In round four, the Packers might consider Louisville's Michael Bush. At 6-2 243 with good speed, Bush may be a more elusive Jerome Bettis. Had injuries not put him on the shelf in 2006, Bush might have been a top ten draft choice. But Bush did miss last season and he still cannot run for the NFL scouts, and there is a good chance that he will miss his rookie season. However, similar to Willis McGahee a few years ago, a talented but injured runner is worth taking at some point. For the Green Bay Packers, with important holes to fill on the roster, that point would be no earlier than round four, but some other GM could take Bush in round 3 or even sooner.

A candidate in Round 4 or 5, who could play this season, is Jackie Battle 6-2 235, 4.42 from Houston. Battle is ranked this low because, after a great freshman campaign, injuries plagued him until his senior season, and scouts question whether he will play hurt. However, in 2006, while sharing carries, he set a team record scoring 15 touchdowns while averaging 5.1 yards per carry. Battle has not been used much as a receiver or blocker, which leaves questions to be answered. He could be an immediate threat in short yardage and as a change of pace inside pounder with the speed to make big plays if the initial tackler does not wrap him up.

In round 5 or 6, the Packers could turn to Dwayne Wright 6-0 228, 4.6 from Fresno State. Wright is another tailback who excelled in 2004, but did little else until this, his junior season, because of injuries. Wright added bulk for the 2006 season during his rehabilitation, and he emerged as a complete player who averaged 5.6 yards per carry along with being his team's second leading receiver. Wright was the best back at the Hula Bowl, and the Packers have a history of selecting players the top players from bowl games. On the other hand, he may not be fast enough post injury to be any more than a complimentary pile mover and third down receiver type of running back who lacks a break away dimension. On the other hand, some players regain their speed after a couple of years. Wright could be a very good second day value.

In round six or seven, there is a Division II player who could be a good fit. Germaine Race 5-10 218 4.6 who played at Pittsburg State in Kansas was a small school All American for three consecutive seasons. For his career, he ran for 6,985 yards, which is a Division 2 record, and his 109 total touchdowns (107 on the ground) shattered previous records. He is the all time touchdown leader in the NCAA at any level, and he accomplished this as a grind it out runner who seldom broke away. Race was an adequate blocker and very occasional receiver at his level. If scouts believe he can break tackles, and learn to protect the ball in the NFL, Race is worth drafting.

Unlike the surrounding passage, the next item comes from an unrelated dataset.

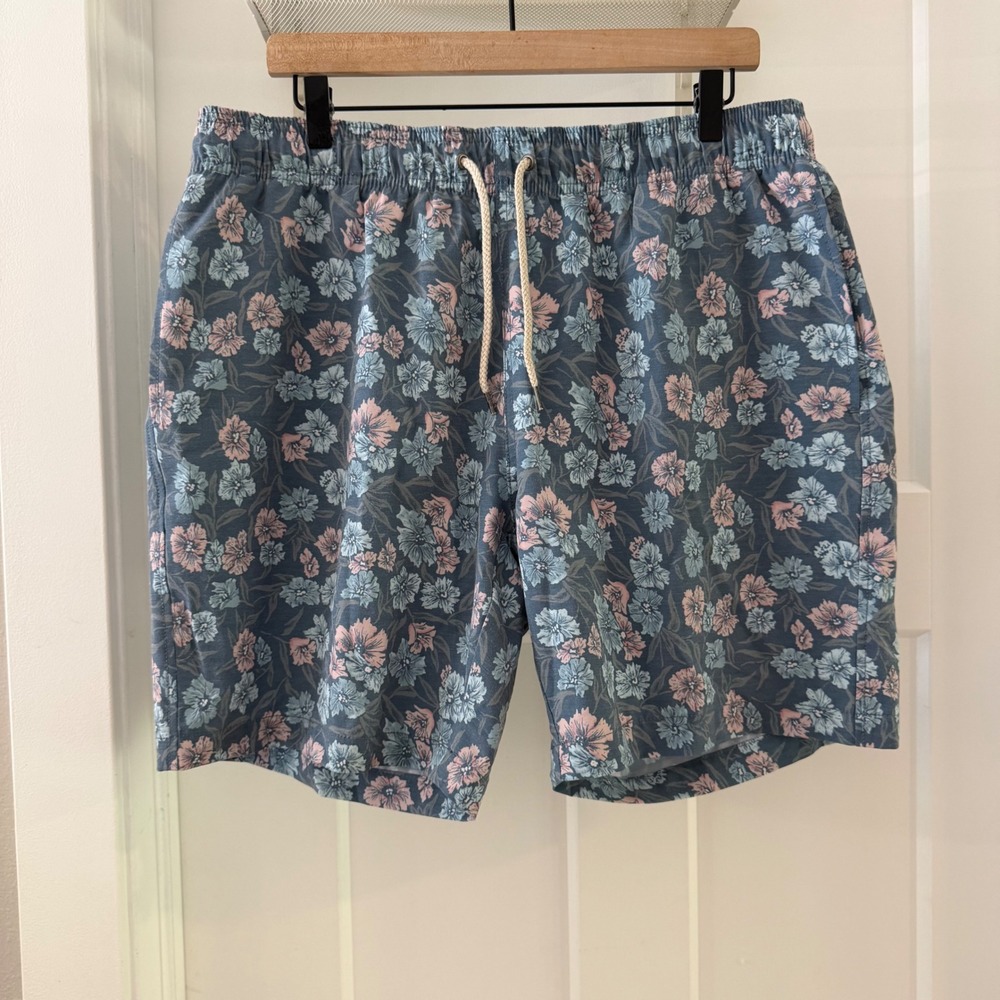 Faherty Beacon Trunk Mens XXL Marine Multi Floral Swim Shorts 7 Inch Inseam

The Green Bay Packers will not enter the 2007 season without adding at least one running back in free agency the draft or both. The brain trust claims that they are happy with Vernand Morrency as the main man, but, even if that is true, they need a short yardage back and a better pass catcher. Marshawn Lynch of California in round one and Dwayne Wright of Fresno State in later rounds could fill that role. Depending on who else is available at pick 16, I think selecting a back in a later round is more likely that the selection of Lynch at 16.